____ INFORMATION SHOWN

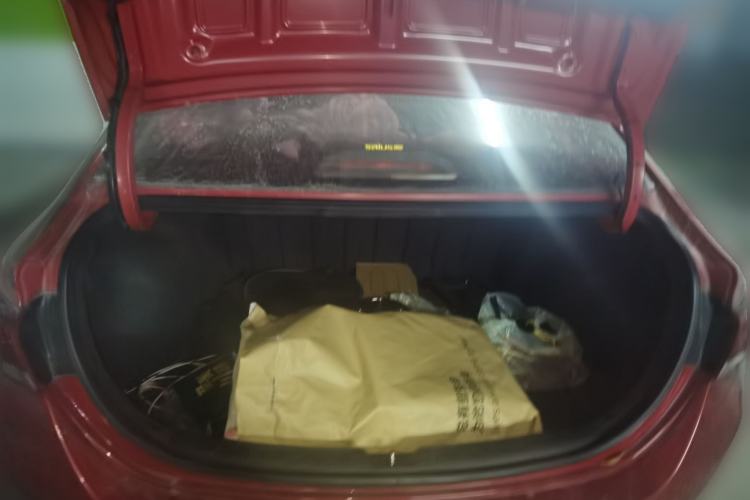 Used Hyundai Verna (new generation) 2016 1.4L Manual Cool Edition GLS Trunk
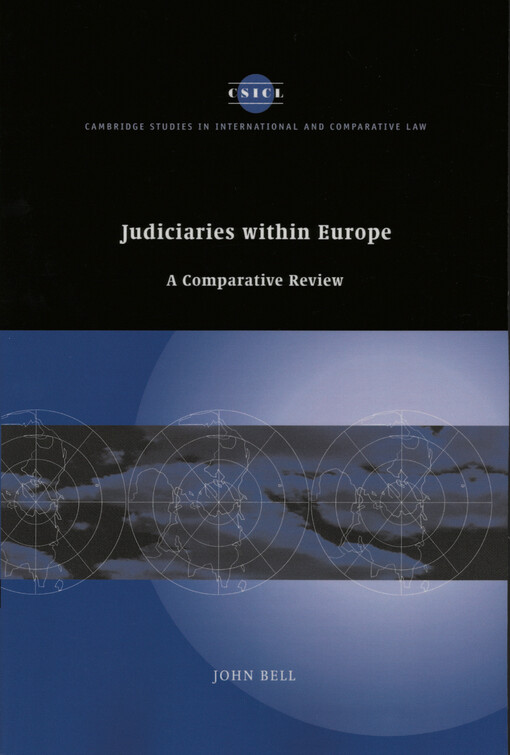 Judiciaries within Europe : a comparative review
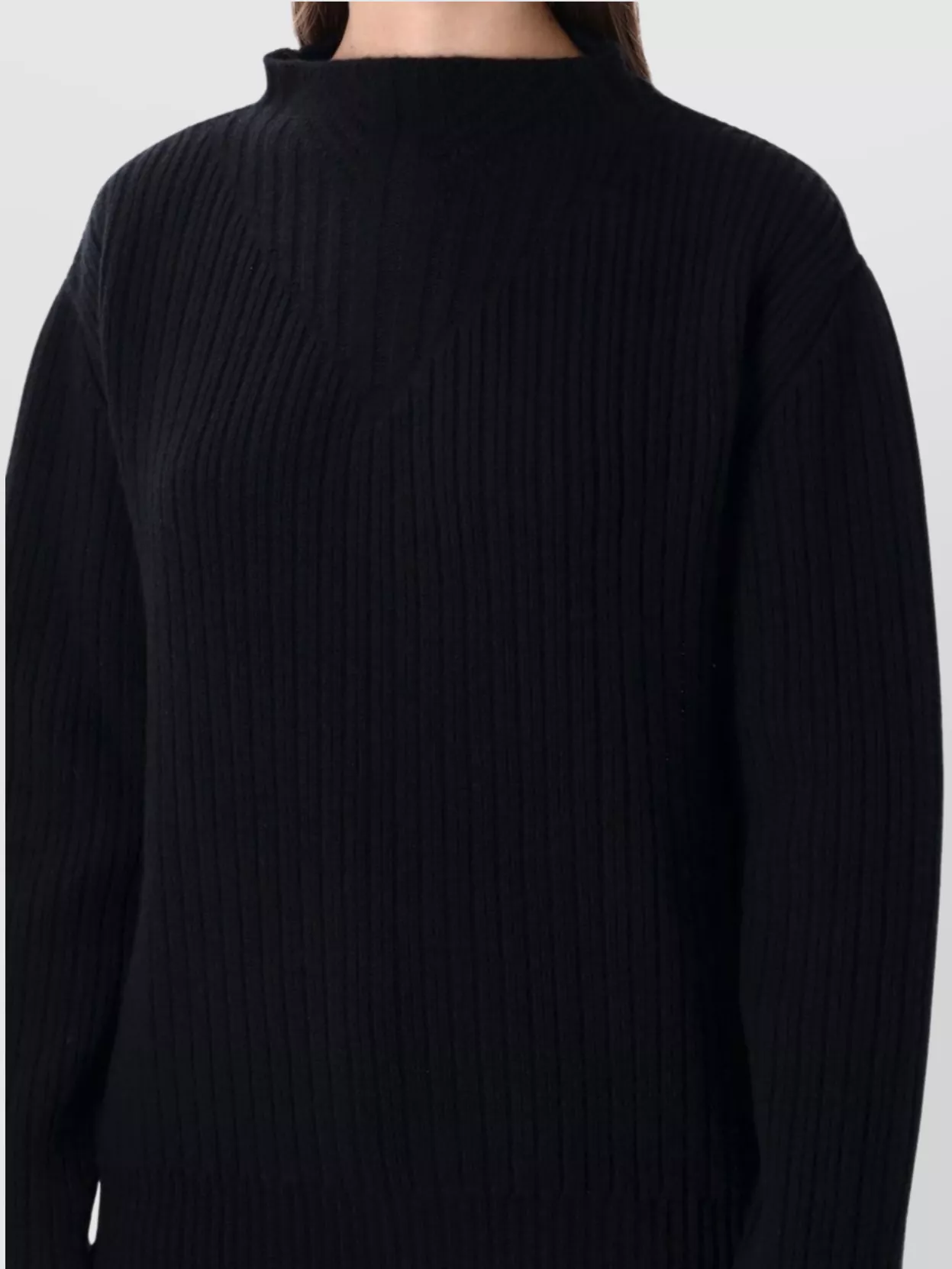 Rick Owens Knitwear With Long Sleeves And Open Back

________

§ WHAT IS BEING ASKED
Print, please, exactly the lines from the one holding "Judiciaries within Europe" through the final line of the data, both included, while leaving out each picture.

§ ANSWER SECTION
 Judiciaries within Europe : a comparative review
 Rick Owens Knitwear With Long Sleeves And Open Back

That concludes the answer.